Large volume electron cyclotron resonance plasma generation by use of the slotted antenna microwave source

Abstract

A new electron cyclotron resonance plasma source, the slotted antenna (SLAN) is presented. The microwave power is coupled to the plasma inside a quartz bell jar by ten equally spaced slot antennae positioned equidistantly around the inside wall of a cylindrical ring cavity. A total of 10 SmCo magnet stacks are positioned between each two slots yielding the required 87.5 mT magnetic field strength for electron cyclotron resonance inside the plasma excitation volume. The source plasma ignition/extinction performance and operational range for different atomic (Ar, He) and molecular gases (O2, N2) were studied in detail.
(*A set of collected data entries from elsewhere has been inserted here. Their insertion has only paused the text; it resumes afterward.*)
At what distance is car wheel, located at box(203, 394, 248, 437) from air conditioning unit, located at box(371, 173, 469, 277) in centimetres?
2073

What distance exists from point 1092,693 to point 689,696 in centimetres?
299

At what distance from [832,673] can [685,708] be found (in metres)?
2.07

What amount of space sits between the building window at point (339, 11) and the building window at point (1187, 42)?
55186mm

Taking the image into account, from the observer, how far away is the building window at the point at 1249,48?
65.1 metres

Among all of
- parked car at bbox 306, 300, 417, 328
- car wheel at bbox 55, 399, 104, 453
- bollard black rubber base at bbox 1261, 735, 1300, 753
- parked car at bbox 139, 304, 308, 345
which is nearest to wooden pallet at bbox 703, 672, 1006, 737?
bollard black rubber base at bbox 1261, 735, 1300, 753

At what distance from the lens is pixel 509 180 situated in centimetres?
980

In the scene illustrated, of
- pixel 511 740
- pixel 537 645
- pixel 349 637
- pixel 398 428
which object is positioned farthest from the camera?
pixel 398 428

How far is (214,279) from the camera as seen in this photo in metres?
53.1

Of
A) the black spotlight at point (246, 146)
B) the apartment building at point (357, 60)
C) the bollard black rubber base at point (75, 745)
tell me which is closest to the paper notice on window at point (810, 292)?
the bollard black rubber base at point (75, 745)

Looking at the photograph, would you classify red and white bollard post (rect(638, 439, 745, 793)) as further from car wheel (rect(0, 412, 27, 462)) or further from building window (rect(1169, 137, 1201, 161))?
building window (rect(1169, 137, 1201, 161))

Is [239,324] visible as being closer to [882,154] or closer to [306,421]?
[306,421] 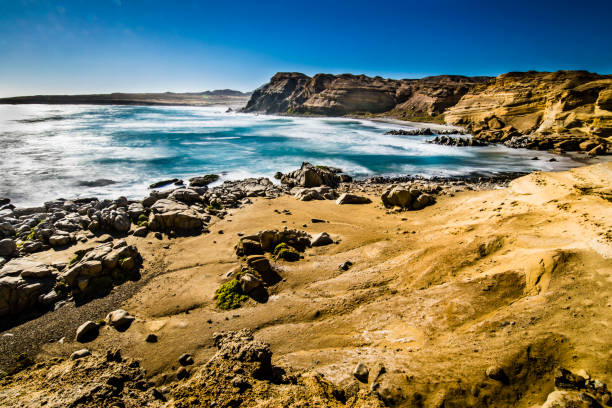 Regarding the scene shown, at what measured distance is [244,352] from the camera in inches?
164

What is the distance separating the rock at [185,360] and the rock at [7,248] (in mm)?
8782

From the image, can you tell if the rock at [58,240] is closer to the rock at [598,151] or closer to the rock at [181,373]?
the rock at [181,373]

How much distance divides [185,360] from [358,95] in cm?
10019

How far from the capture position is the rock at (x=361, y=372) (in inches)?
165

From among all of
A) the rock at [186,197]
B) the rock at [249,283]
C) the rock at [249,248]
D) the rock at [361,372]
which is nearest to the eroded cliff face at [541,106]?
the rock at [249,248]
Due to the external magnetic field either in toroidal or hybrid symmetry, a shift of the minimum ignition pressure from 0.4 to 2×10−3 mbar and the minimum extinction pressure from 4×10−3 to 2×10−4 mbar for argon was observed. The radial and downstream ion density as well as electron temperature were measured by double-Langmuir-probe techniques. Microwave power coupled to the source was varied from 600 to 2000 W and pressure was ranged from 2×10−4 to 10−2 mbar. Typical data achieved for 1000 W microwave power are ion density 2.8×1011 cm−3 at a pressure of 5×10−3 mbar, corresponding to an ionization ratio of 1.3% (center of SLAN).